Ketchup goes with just about everything—French fries, eggs, hash browns, burgers, deli meats . . . the list goes on and on. This red condiment has been touted as being healthy by some, but does that mean we should be using endless amounts of it? Is this red condiment good for you?
Ketchup is a low-calorie condiment, made from tomatoes, vinegar, salt, pepper, and spices. It contains 15 calories per tablespoon and vitamins A and C. Compared with its competitor mayonnaise, ketchup has no fat and far fewer calories per tablespoon (mayo contains 103 calories, 12 grams fat). This makes it a healthier choice for those trying to cut out added calories.

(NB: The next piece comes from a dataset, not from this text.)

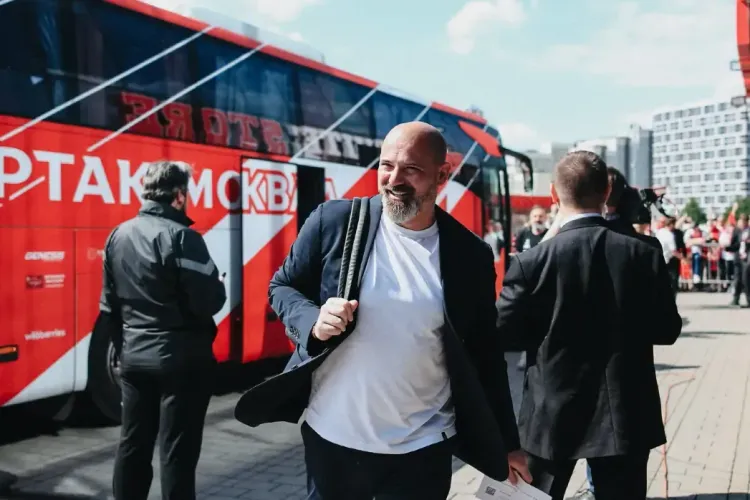 «Спартак» объявил о продлении контракта со Станковичем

Processed and cooked tomatoes were also found to have high levels of the antioxidant lycopene. The study shown that women who had higher levels of lycopene in their blood had a 50% lower risk for developing heart disease. That study also proved useful for ketchup manufacturers who got the word out that their product is “healthy.” After that I found friends, family and even clients who’d squeeze bottles of ketchup on their plate and rationalize its overuse by saying, “hey, it’s good for me!”
Two ingredients of concern in ketchup are salt and sugar. Per tablespoon, ketchup contains 4 grams of sugar and 190 milligrams of sodium. Although 4 grams of sugar doesn’t seem like a lot, much of it comes from added sugar, as opposed to the natural sugar found in tomatoes. The same goes for the added salt: consuming 8 tablespoons of ketchup will have you reaching your sodium needs for the entire day, so if you like to pour on the red stuff, it’s easy to overload on sodium.